** What you will do **
An exact repetition of the data is required; no picture should appear in it.

Segment Start: Raw data

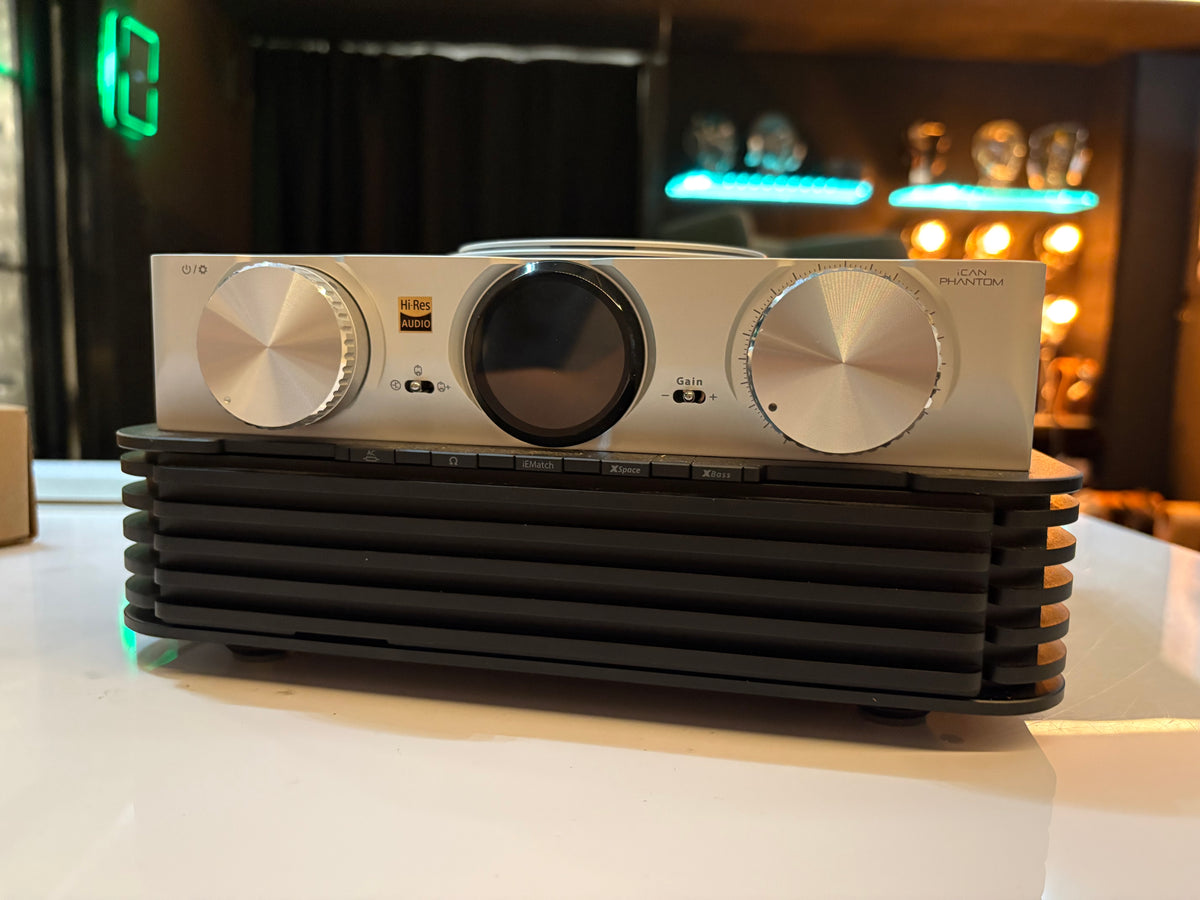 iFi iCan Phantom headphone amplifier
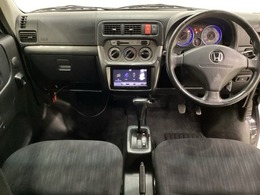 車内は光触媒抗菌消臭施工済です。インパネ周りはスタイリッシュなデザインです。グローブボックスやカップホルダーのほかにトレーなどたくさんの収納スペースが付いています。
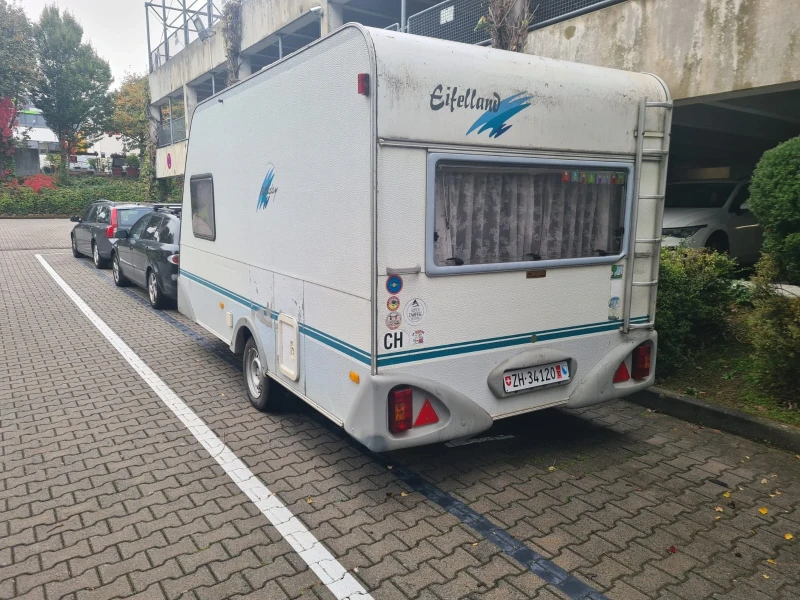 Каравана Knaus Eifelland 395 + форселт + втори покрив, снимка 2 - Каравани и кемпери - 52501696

Segment End: Raw data

** Final answer **
 iFi iCan Phantom headphone amplifier
 車内は光触媒抗菌消臭施工済です。インパネ周りはスタイリッシュなデザインです。グローブボックスやカップホルダーのほかにトレーなどたくさんの収納スペースが付いています。
 Каравана Knaus Eifelland 395 + форселт + втори покрив, снимка 2 - Каравани и кемпери - 52501696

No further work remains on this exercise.